*** SOURCE INFORMATION ***

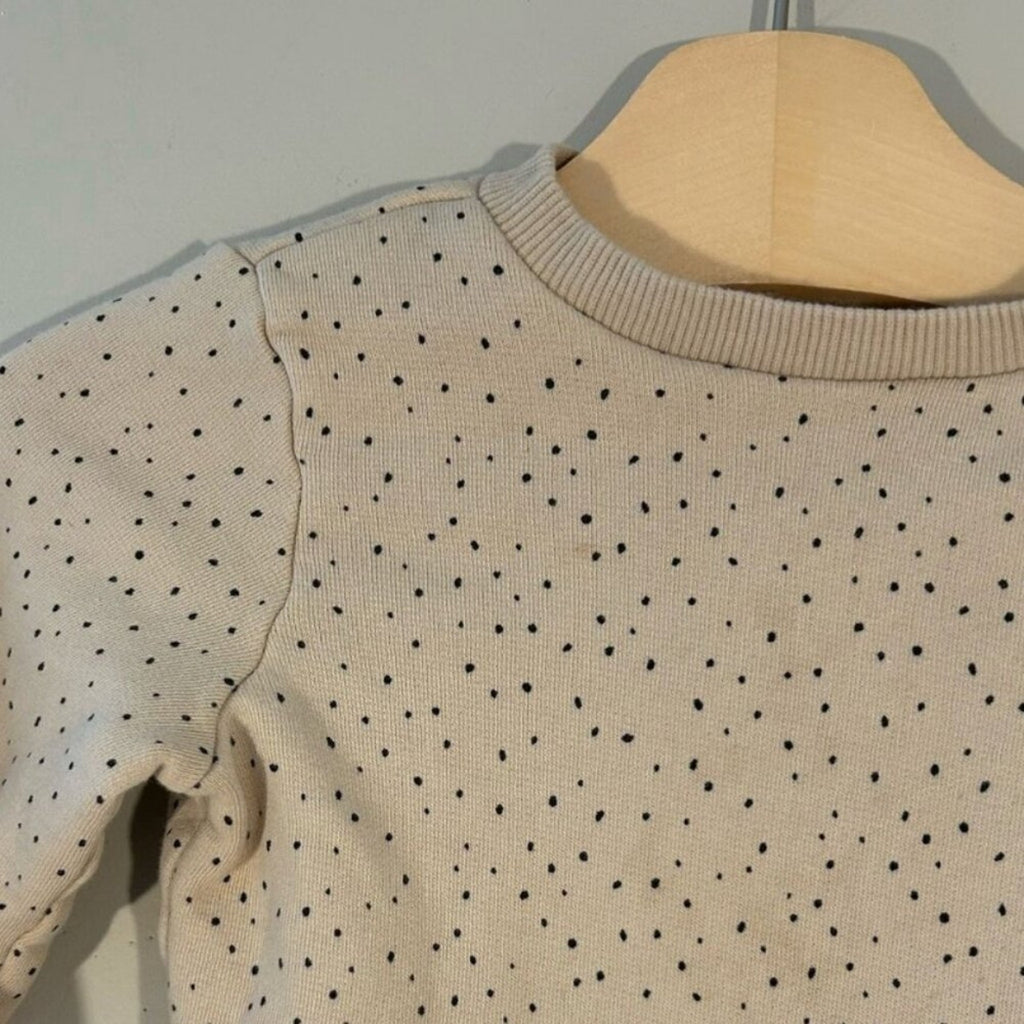 h&m beige dot sweatshirt 2T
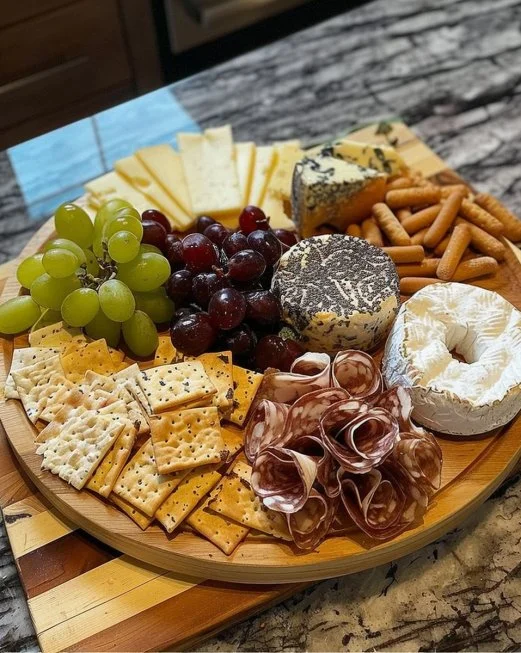 Tabla de quesos variados presentada elegantemente para degustación.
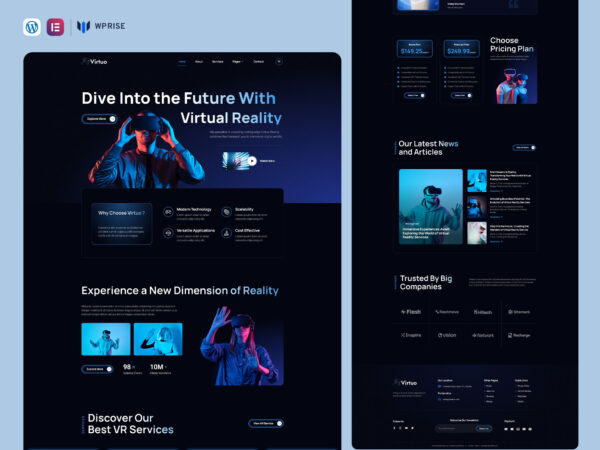 Virtuo - Augmented & Virtual Reality Services Elementor Template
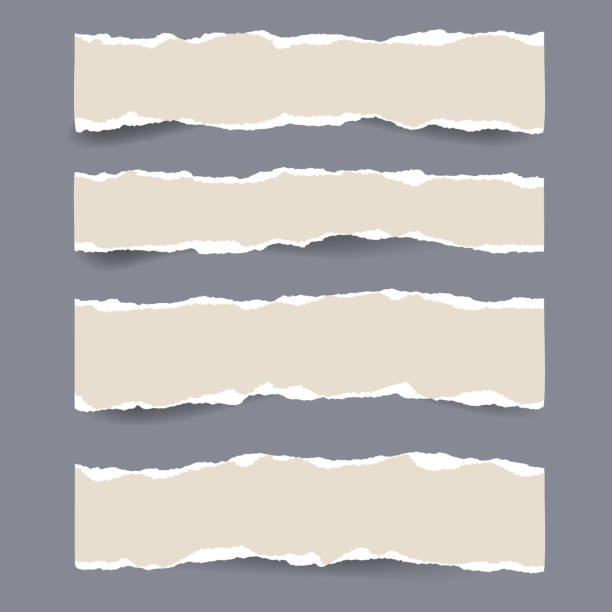 illustrations, cliparts, dessins animés et icônes de ensemble de pièces rectangulaires en papier déchiré - papiers collés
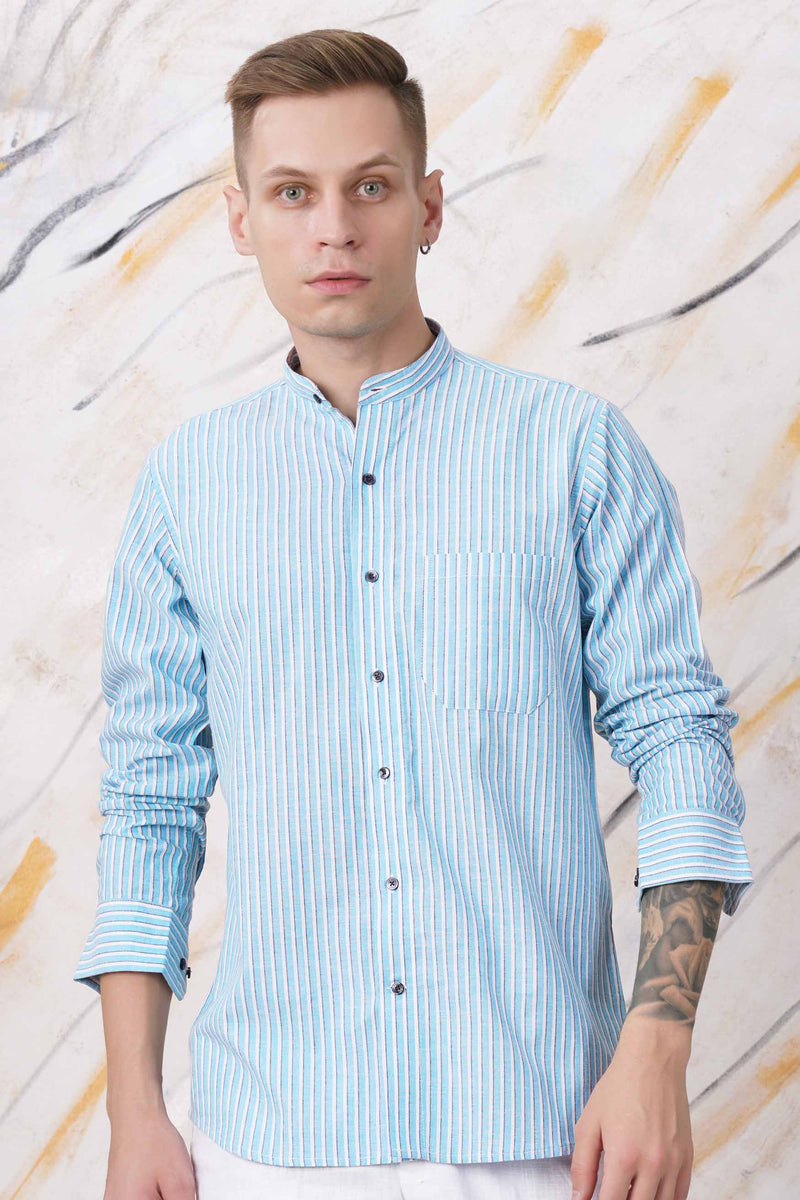 BLIZZARD BLUE AND WHITE STRIPED LUXURIOUS LINEN SHIRT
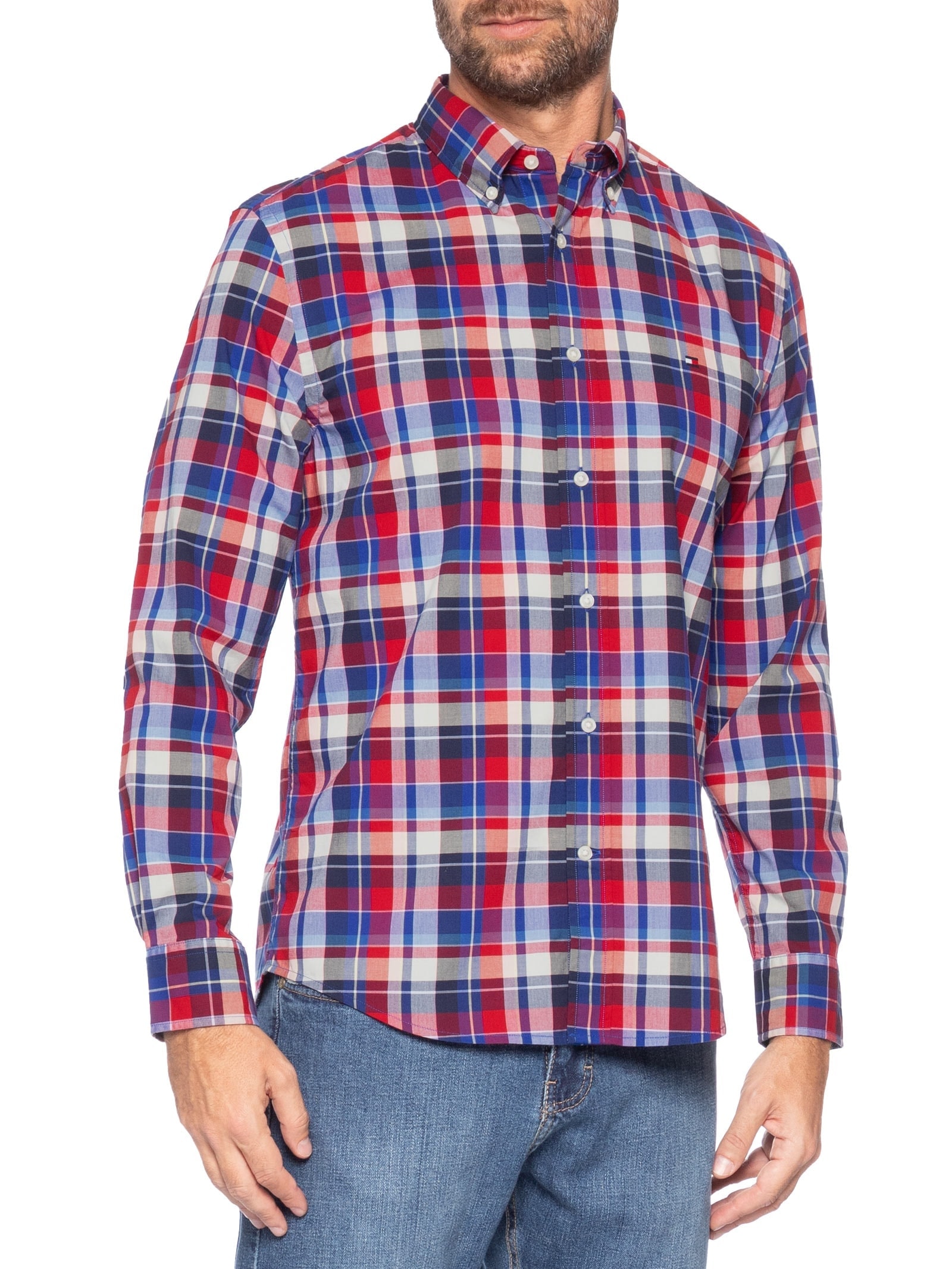 Camisa Masculina Xadrez Regular Fit Em Algodão Vermelho Tommy Hilfiger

***

# [PROMPT]
Only one thing is required here: an exact copy of the lines from the one bearing "illustrations, cliparts, dessins" through the final line above, both included, with pictures left out.

# [TASK RESULT]
 illustrations, cliparts, dessins animés et icônes de ensemble de pièces rectangulaires en papier déchiré - papiers collés
 BLIZZARD BLUE AND WHITE STRIPED LUXURIOUS LINEN SHIRT
 Camisa Masculina Xadrez Regular Fit Em Algodão Vermelho Tommy Hilfiger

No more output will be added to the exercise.